Ziemia Święta: Kościół przeciw rozbudowie osiedli żydowskich na terenach okupowanych
Rząd Izraela ogłosił decyzję o rozbudowie osiedli żydowskich na okupowanych terytoriach
palestyńskich. Projekt przewiduje powstanie 1285 nowych domów dla osadników izraelskich.
Wikariusz patriarchalny Jerozolimy, bp William Shomali, skrytykował decyzję Izraela,
jako wyraźną przeszkodę na drodze procesu pokojowego.
„Ziemia Święta potrzebuje
pokoju. Budując nowe osiedla, wznosi się jednocześnie bariery na drodze procesu pokojowego”

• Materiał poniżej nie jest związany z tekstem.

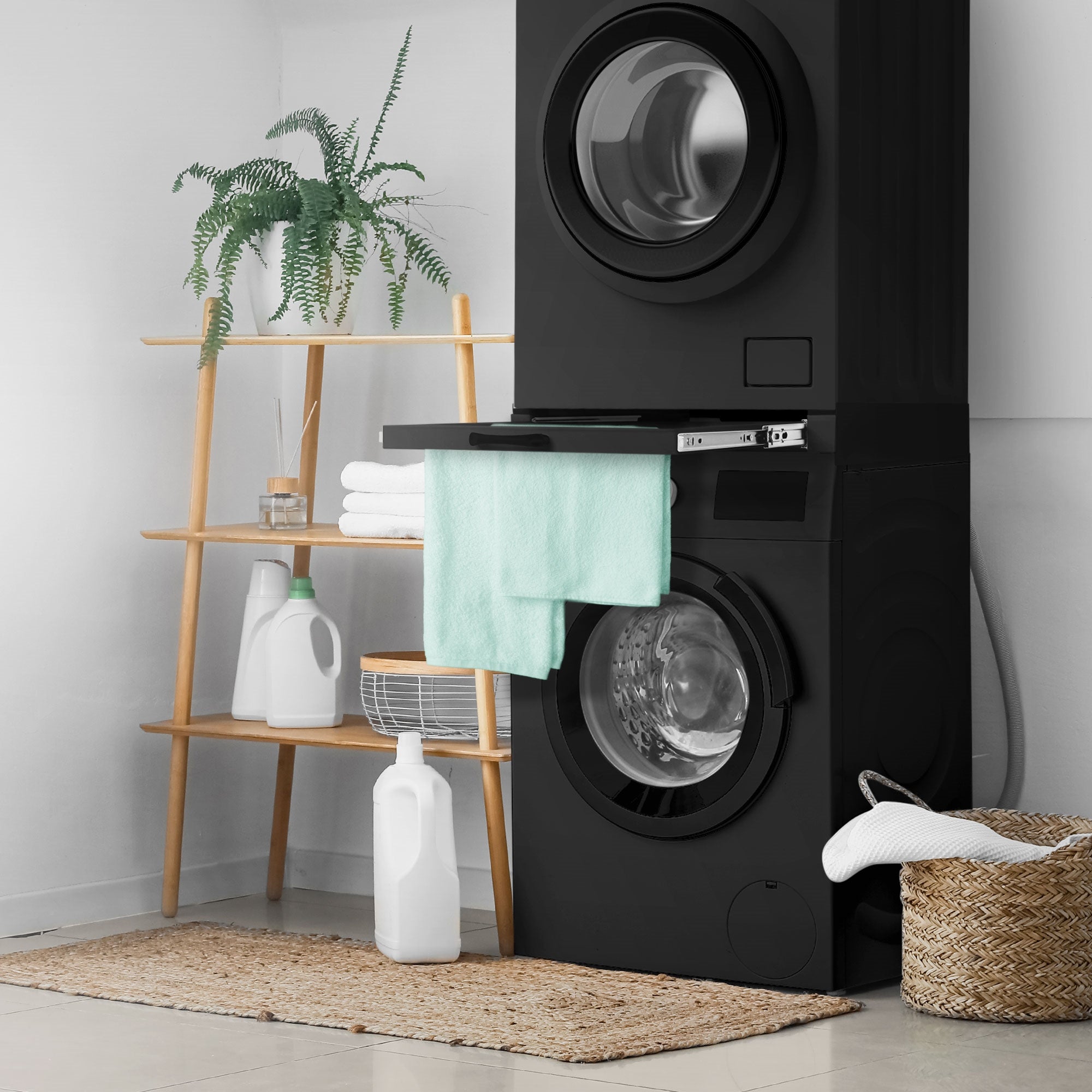 Washing machine with shelf, towel, and plants on a shelf.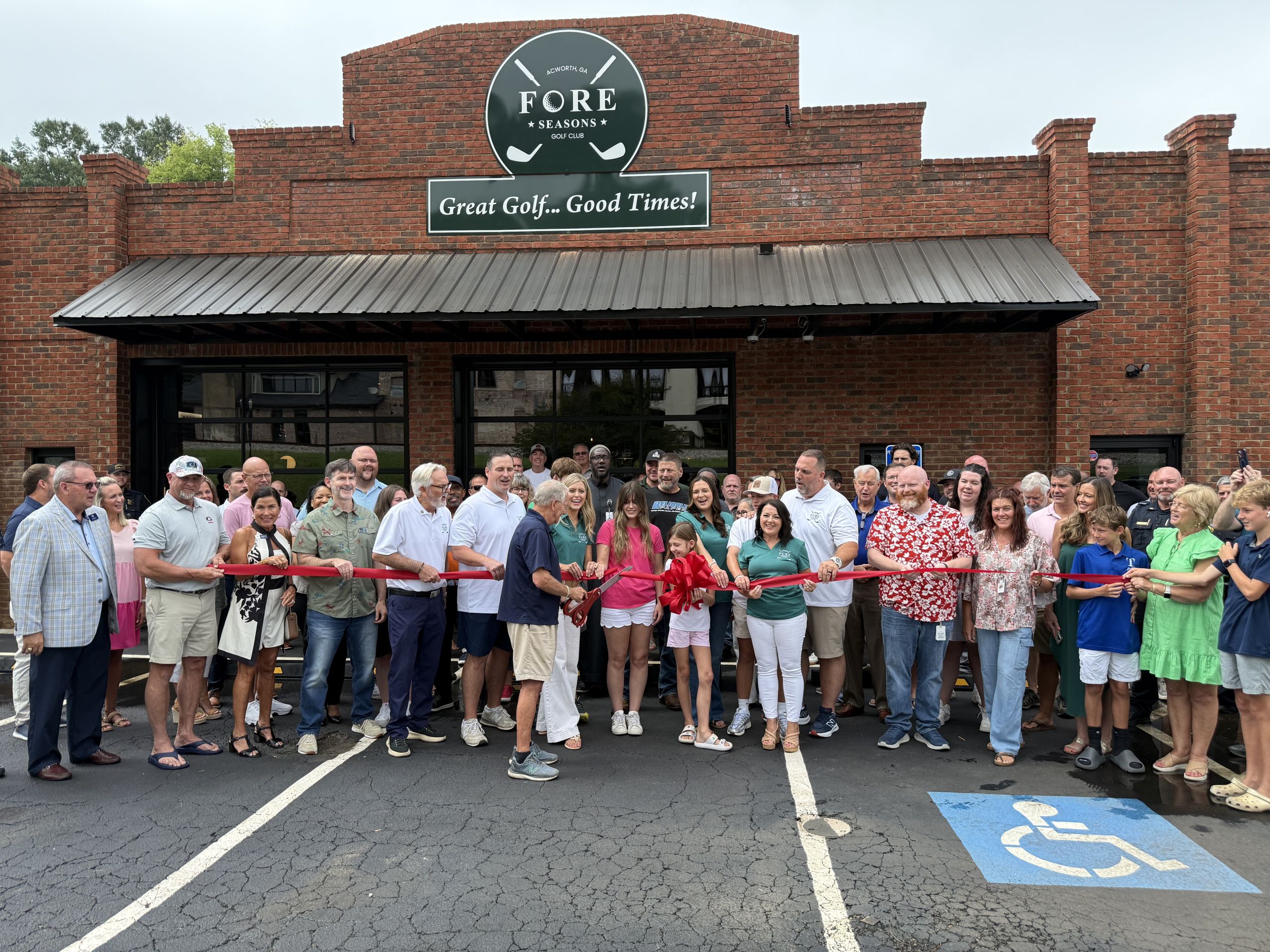A large group of people pose for a ribbon-cutting ceremony in front of a brick building with a sign that reads "FORE Seasons.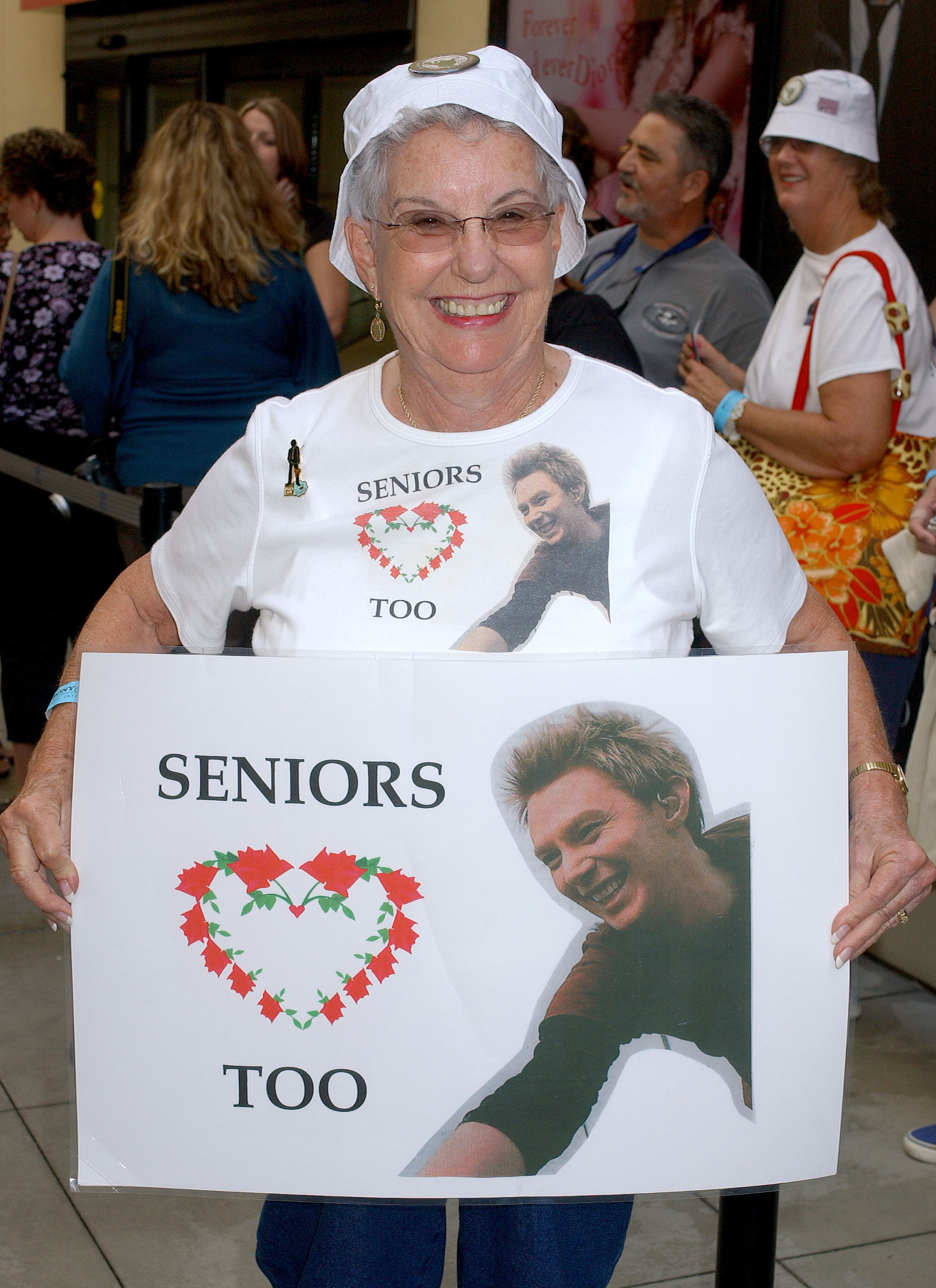 a senior woman holds up a seniors love clay sign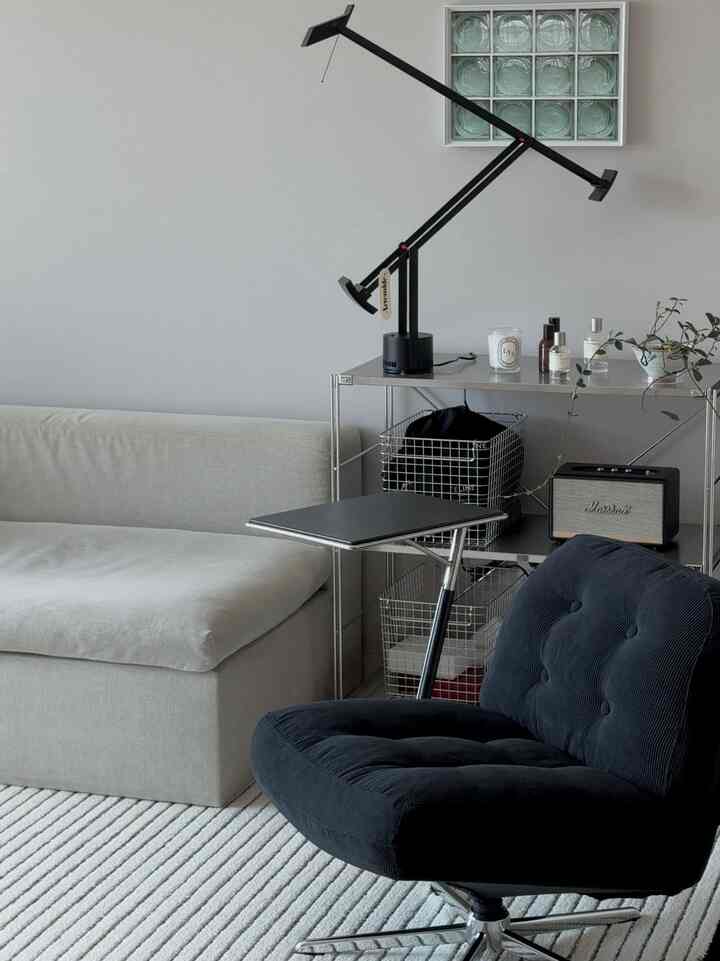 黒とシルバーのトーンが調和するモダンなリビング、シンプルなアームチェアとステンレス棚が配置された洗練された空間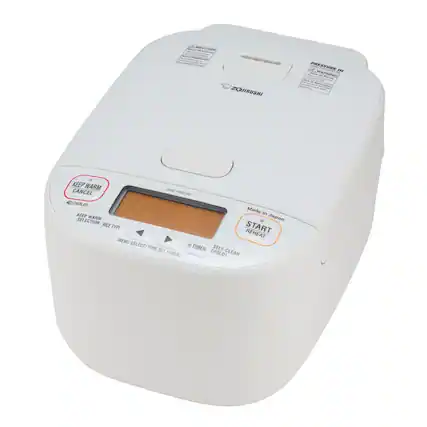 Sure, here is the corrected and grouped text from the image:
---
**Zojirushi**
**NW-YNC10**
**Made in Japan**
**Pressure In**
**Keep Warm Cancel**
**Keep Warm Selection**
**Rice Type**
**Menu Select/Time Set (Hold)**
**Timer**
**Start Reheat**
**Self-Clean (Hold)**
**Pressure Off**
**Warning**
**Keep Warm (Hold)**
**Self-Clean (Hold)**
---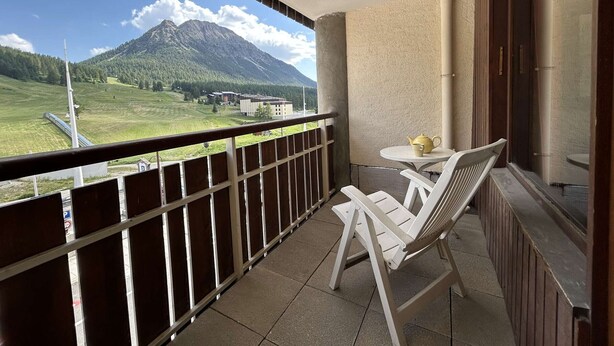 Un balcon donnant sur une montagne, une chaise, une table et une théière.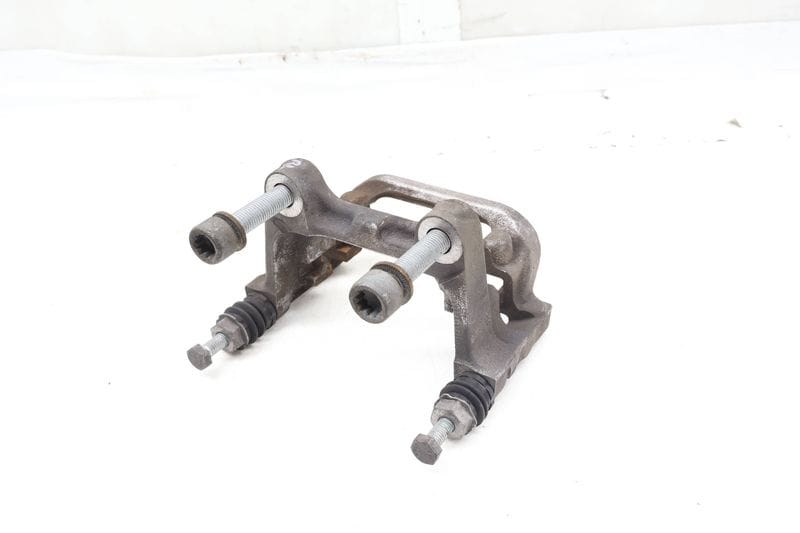 Brake Caliper Carrier / Bracket 5QM615425A — Used (SKU 669721)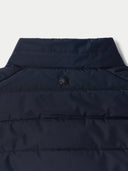 Navy blue puffer vest with a brand logo on a light gray background
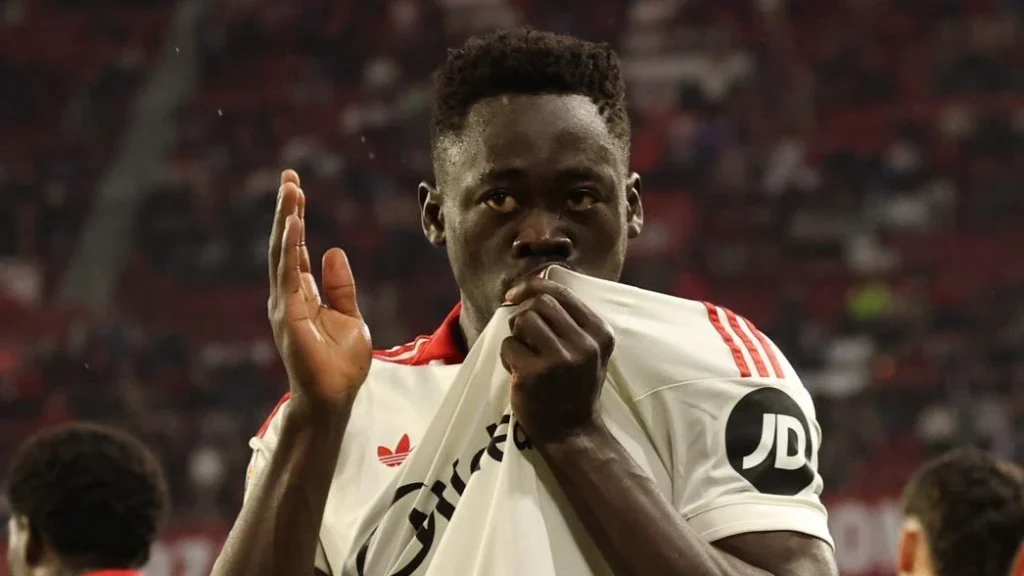 Akor Adams kissing Sevilla badge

– podkreślił bp Shomali. Zaapelował do rządzących o natychmiastowe wszczęcie obustronnych
negocjacji. Wobec impasu w relacjach dyplomatycznych hierarcha zachęcił wierzących
do modlitwy, ponieważ „tylko Bóg może wskazać drogi wyjścia z błędnego koła przemocy”.
Dezaprobatę
dla izraelskiego planu wyraziły władze Autonomii Palestyńskiej oraz izraelska organizacja
pozarządowa „Peace Now” – „Pokój Teraz”. Wszyscy są zgodni, iż ogłoszenie tej decyzji
w okresie wyborów prezydenckich w Stanach Zjednoczonych było celowe. Zainteresowanie
wyborami w USA miało odwrócić uwagę wspólnoty międzynarodowej, sprzeciwiającej się
rozszerzaniu osiedli żydowskich.
Większość zaplanowanych domów ma powstać w
osiedlach Ramot i Pisgat Zeev we wschodniej Jerozolimie zamieszkałej w większości
przez Palestyńczyków oraz w Samarii.
W osiedlach na Zachodnim Brzegu, czyli
terytoriach okupowanych od 1967 r. przez Izrael, mieszka ponad 340 tys. Żydów. Kolejne
200 tys. jest rozlokowanych w około dziesięciu osiedlach rozmieszczonych we wschodniej
Jerozolimie. Mieszka tam 270 tys. Palestyńczyków dążących do ogłoszenia Jerozolimy
stolicą swojego niepodległego państwa. Bp Shomali jest przekonany, iż rozbudowa osiedli
nie jest podyktowana jedynie racjami mieszkaniowym, lecz przede wszystkim politycznymi,
których celem jest zmiana składu demograficznego Jerozolimy.